Thursday, July 11, 2013

Socorro File System Storage Revisited - the inode problem


The Socorro radix file system storage classes were written originally to be permanent crash storage. We eventually started using HBase instead of the file system. However, the file system storage lives on as temporary storage on the Socorro collectors. Even through the 2013 rewrite of the file system classes, the mind set of this being permanent storage persisted. 

This creates a problem. The collectors dump all the crashes into file system storage. The crash movers then spool these temporarily stored crashes into HBase. As the crash movers do their work, crashes are removed from file system storage. For efficiency sake when working with a resource that is touched for reads and writes by other processes simultaneously, the file system classes do not clean up empty directories. As the days progress, this leaves large empty directory trees hanging around on the disk. Eventually, this become a problem as the disk runs out of inodes. We did not solve this problem in 2013 FS rewrite.  We couldn't come up with a good solution as for how to clean up the old directories without slowing down the collectors, crashmover or having a separate cleaning process or cron.

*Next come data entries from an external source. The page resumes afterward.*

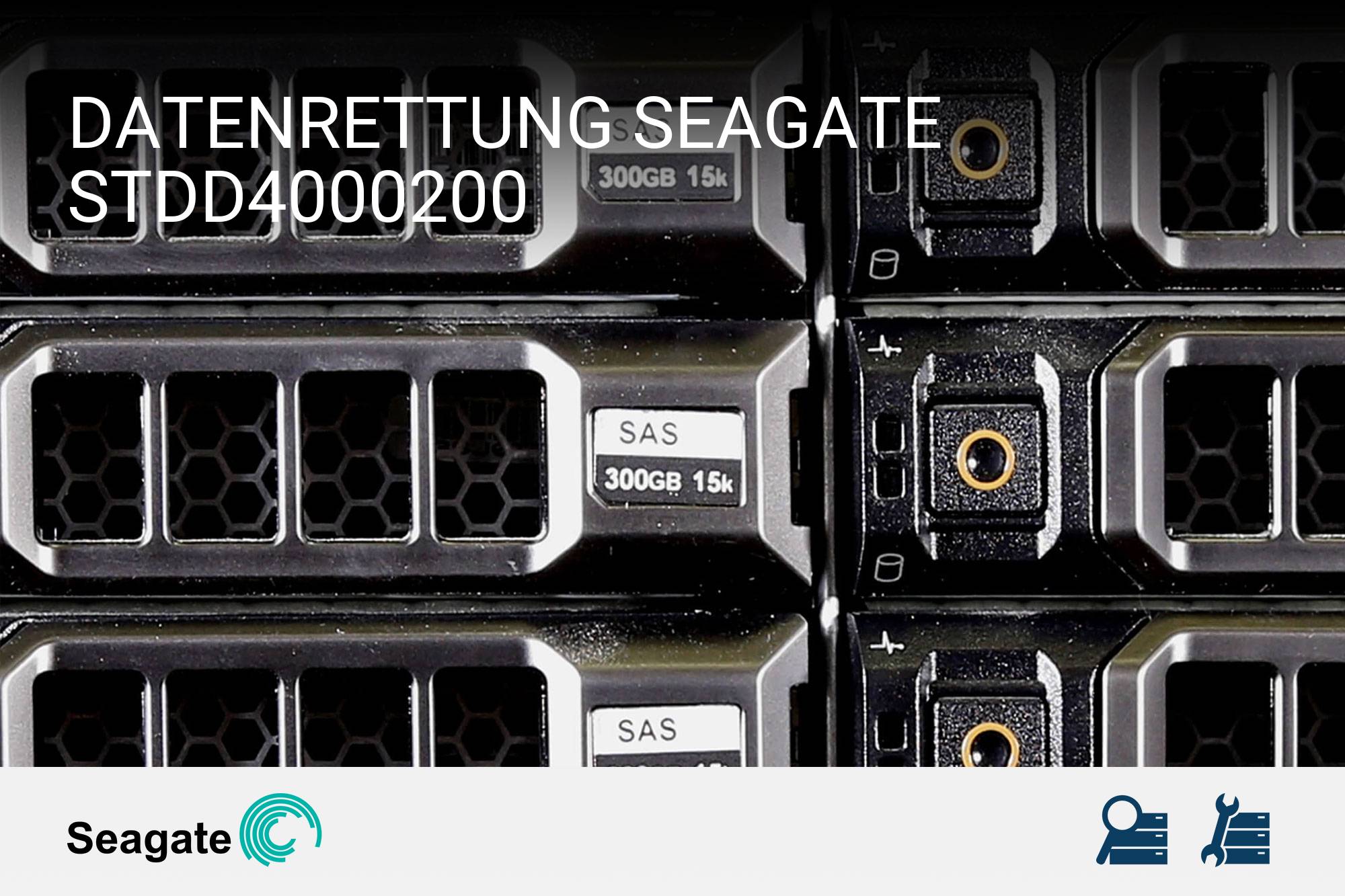 Seagate STDD4000200
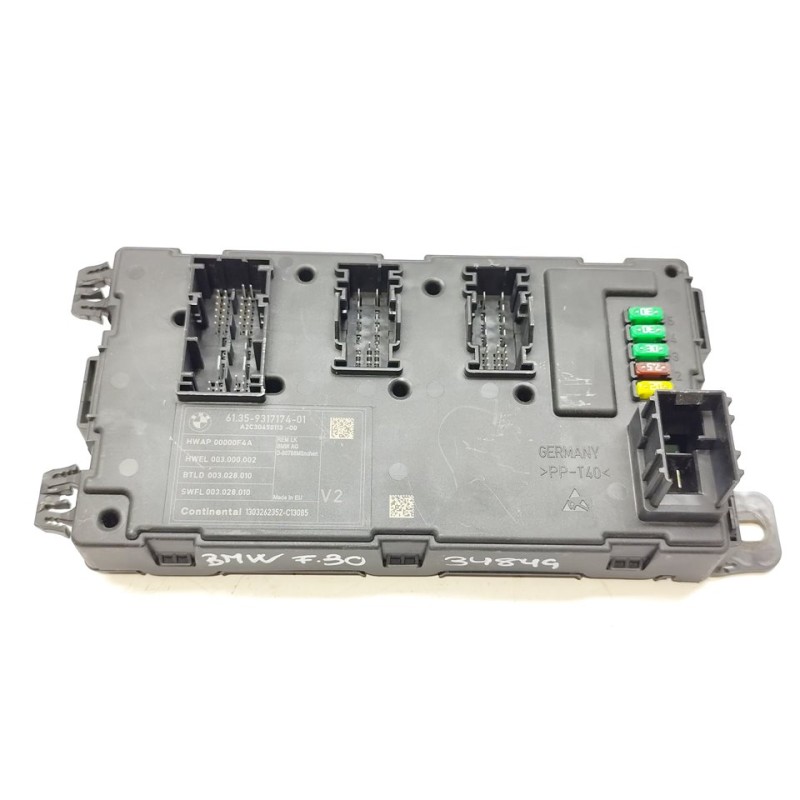 Recambio de modulo electronico para bmw serie 3 lim. (f30) 320d referencia OEM IAM 6135931717401  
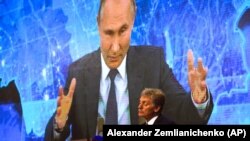 Портпаролот на Кремљ, Дмитриј Песков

Here's a simple solution: recycling. The file system classes could have a setting for the number of days to keep old directories, say defaulting to one week. So in a week, we've got these directories created:

primaryCrashStorage/20130501
primaryCrashStorage/20130502
primaryCrashStorage/20130503
primaryCrashStorage/20130504
primaryCrashStorage/20130505
primaryCrashStorage/20130506
primaryCrashStorage/20130507

On May 8th, we'd normally create a new directory called primaryCrashStorage/20130508. All those older directories  are empty trees, the crashmover consumed them days previously. I suggest that the file system classes take the oldest and simply rename it for the current day. The internal directory structure is already been built, storing crashes can begin immediately.

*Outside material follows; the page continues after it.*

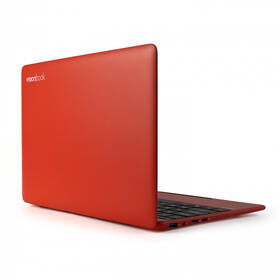 Notebook Umax 12Wr červená barva
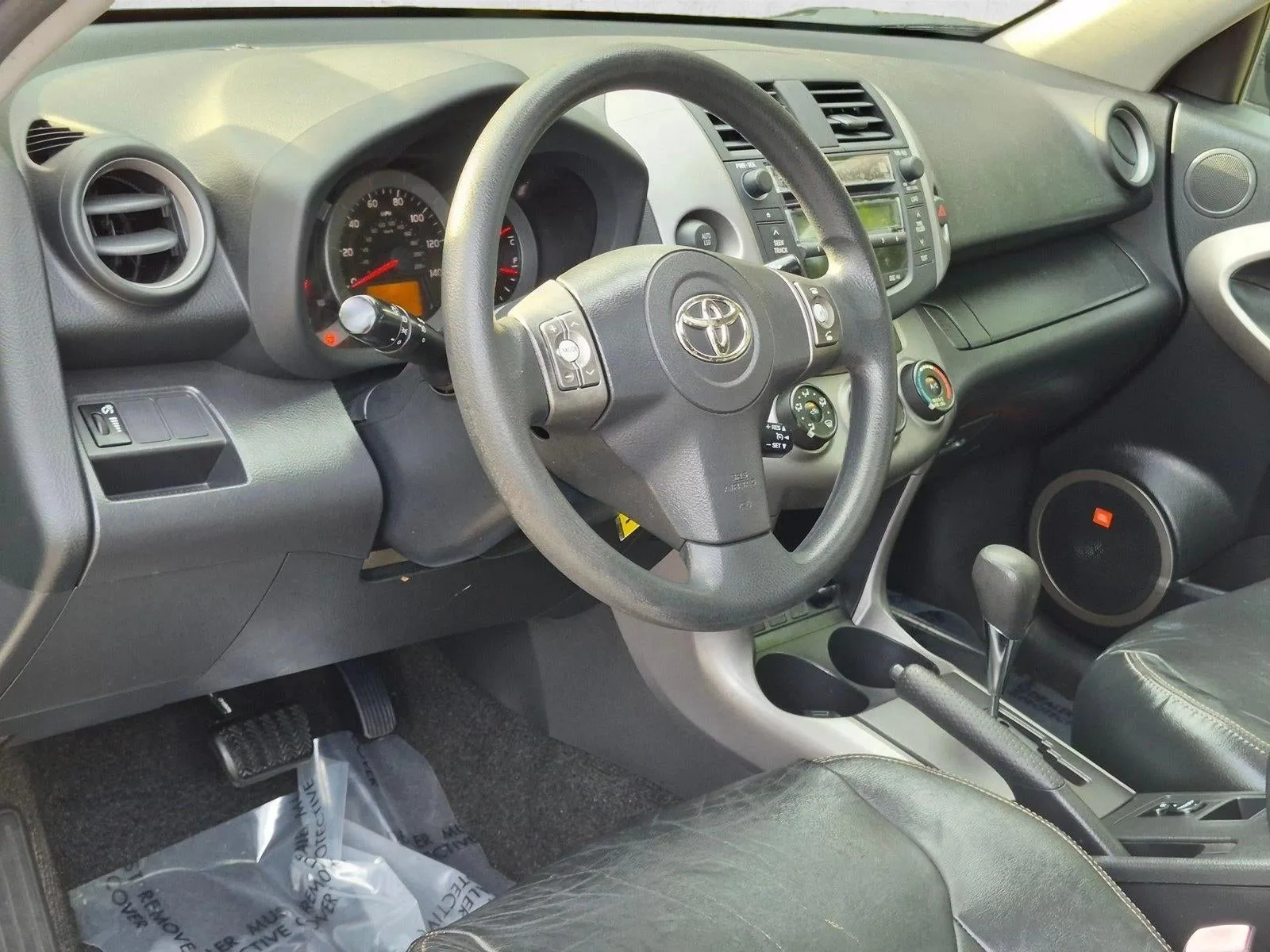2008 Toyota RAV4 FWD 4dr 4-cyl 4-Spd AT Sport (Natl) photo 9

mv primaryCrashStorage/20130501 primaryCrashStorage/20130508

The number_of_days should be set to a bit larger than the longest time that we'd could expect the crashmovers to out of commission in a crisis. If we want the file system to be permanent storage, set the constant to MAXINT (or make a special case for 0).

This system has two benefits: first the inode problem goes away without having to slow down anything or create another process; second it actually speeds up the collector, after the first week, it doesn't have to create radix directories any more, they've already been created.

I've no idea why this idea didn't come to me before – it seems to be nothing but win-win.